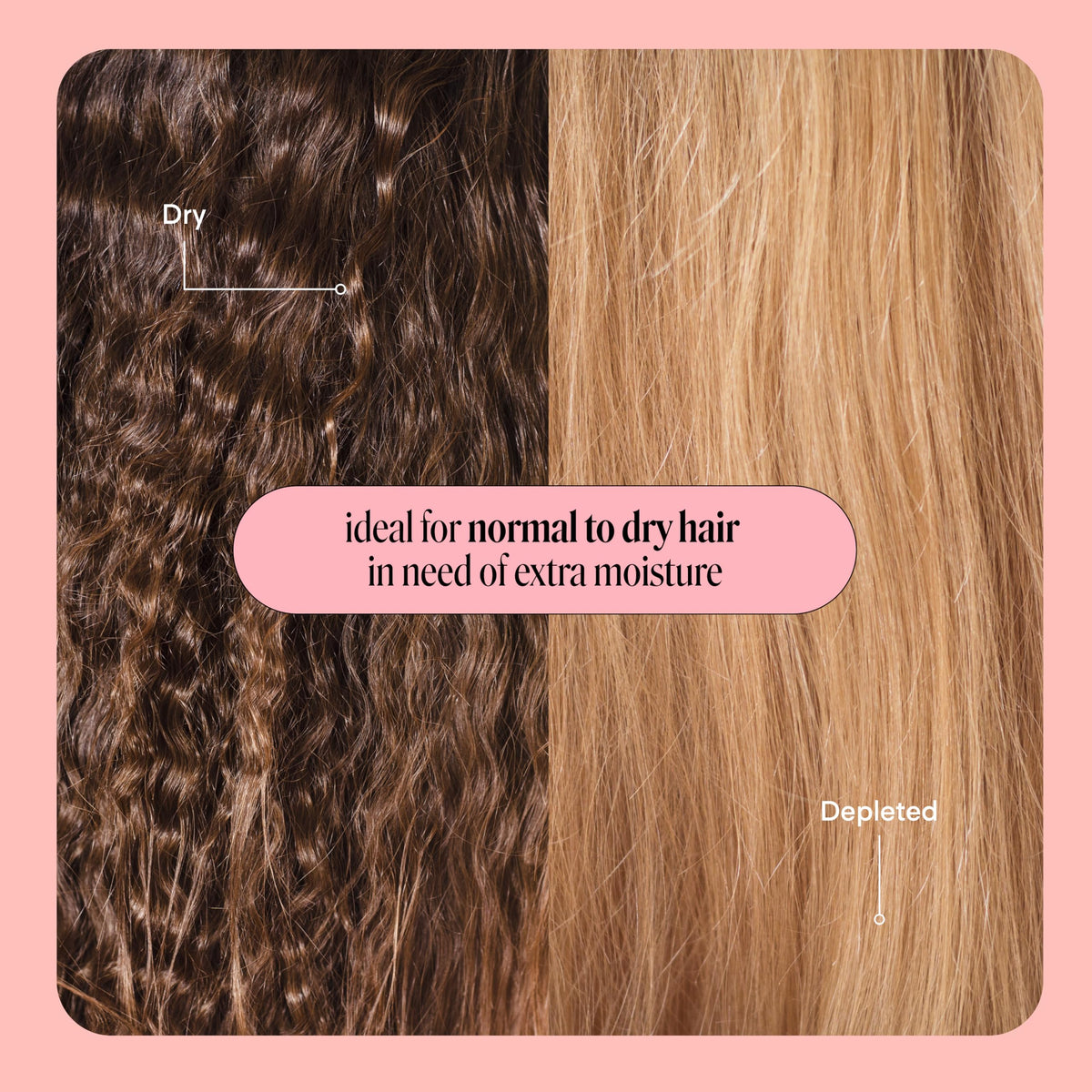 MONDAY HAIRCARE Moisture Shampoo and Conditioner packaging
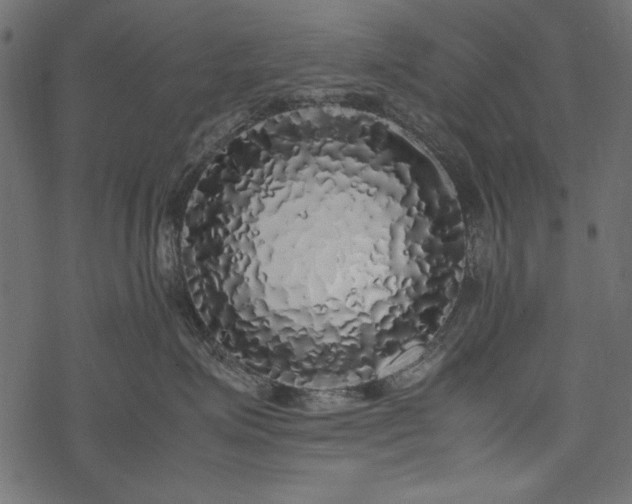 X0000077990623200611031422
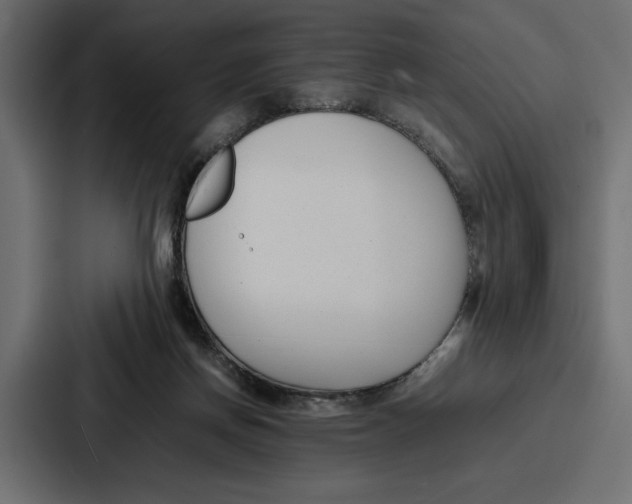 X0000086740166200705111642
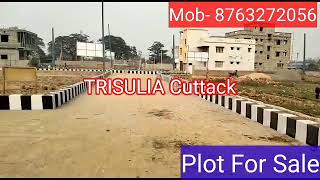 ❤Plot For Sale in Trisulia Cuttack [upl. by Rita205]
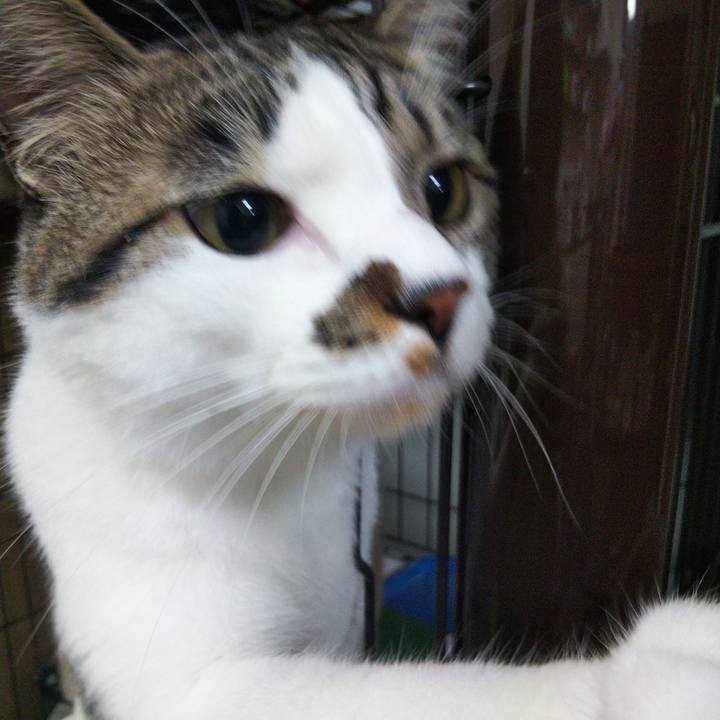 E81919a4 e43e 4cb3 be0e 279d3b85a29e 1651063851128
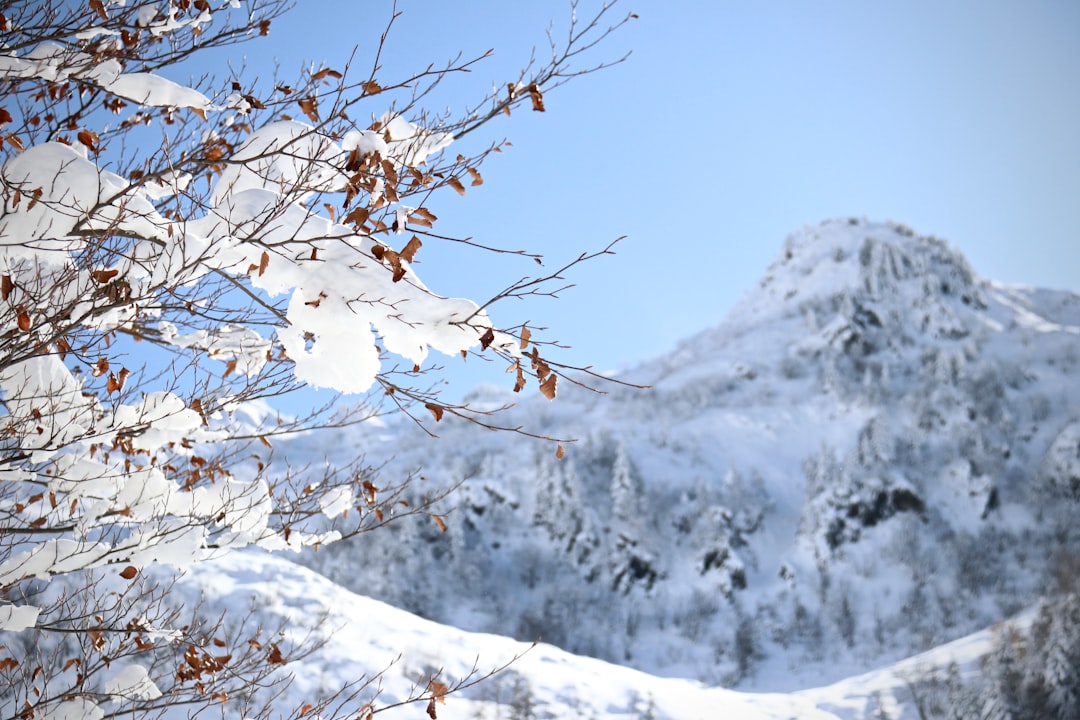 winter mountain snow - Camino de Santiago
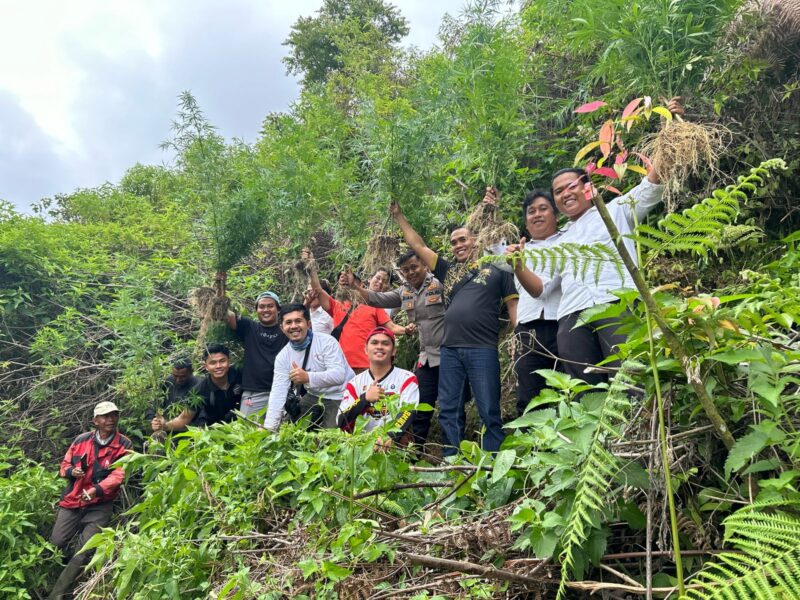 Polisi Temukan Ladang Ganja di Wilayah Kayu Aro
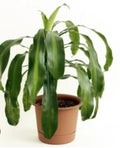 Dracaena money plant Green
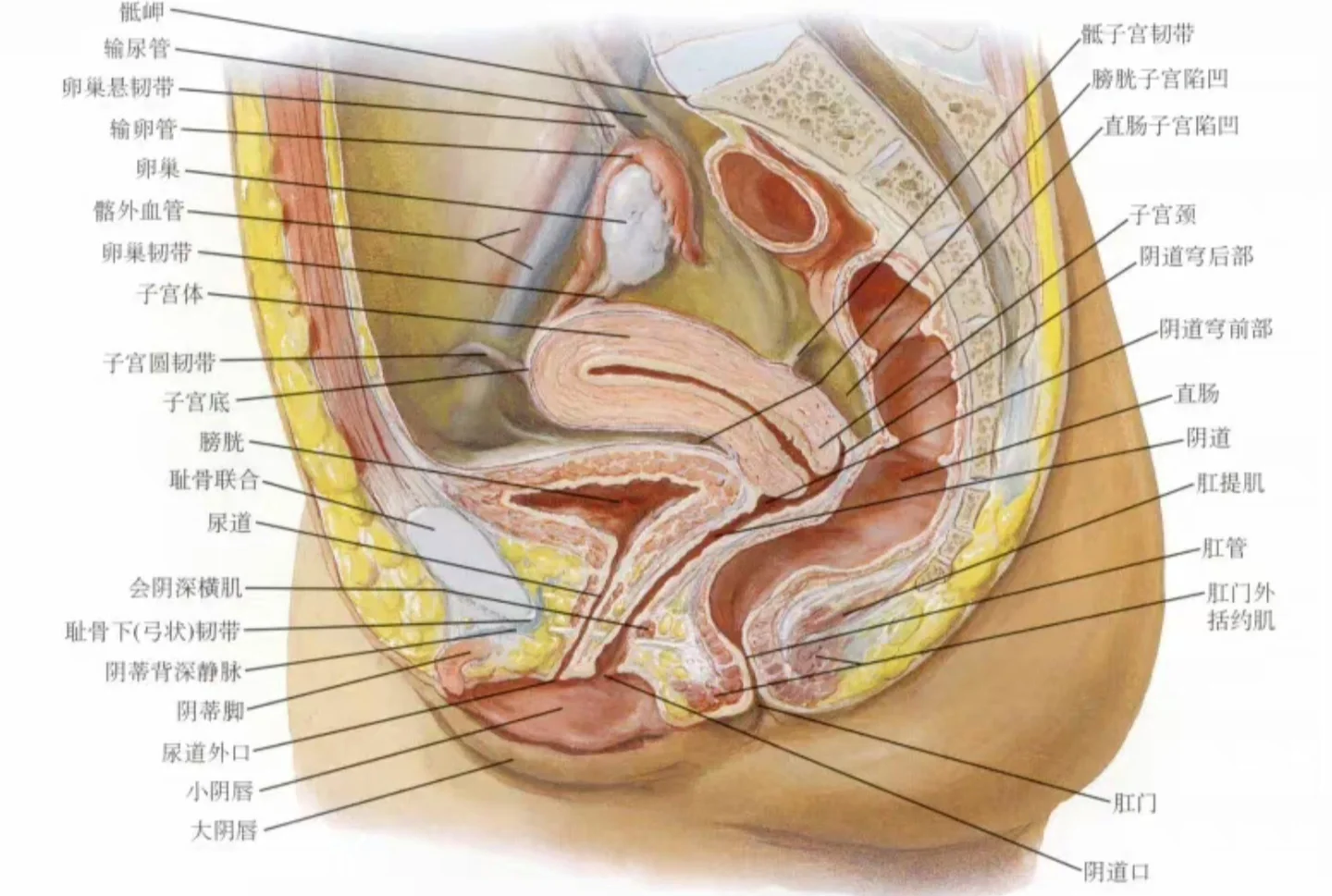 女性子宫卵巢结构图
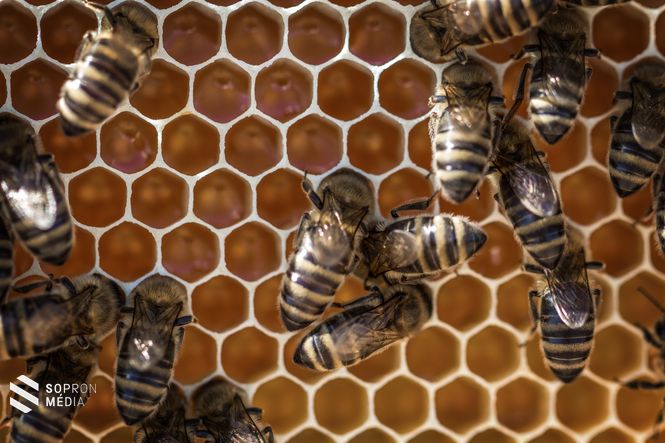 A méheknek tél végén és tavasz elején kell felkészülniük a tavaszi robbanásra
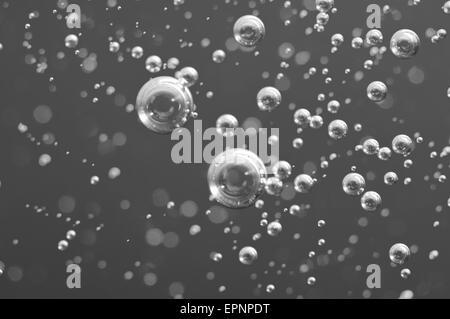 Macro delle bolle di ossigeno in acqua in bianco e nero di sfondo, concetti come ecologia e altri i vostri progetti di successo Foto Stock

====

TASK: Where pictures appear, omit them, and transcribe exactly, with nothing else, the lines from the line with "Polisi Temukan Ladang" through the final line of the records above, both ends included.

EXERCISE RESPONSE:
 Polisi Temukan Ladang Ganja di Wilayah Kayu Aro
 Dracaena money plant Green
 女性子宫卵巢结构图
 A méheknek tél végén és tavasz elején kell felkészülniük a tavaszi robbanásra
 Macro delle bolle di ossigeno in acqua in bianco e nero di sfondo, concetti come ecologia e altri i vostri progetti di successo Foto Stock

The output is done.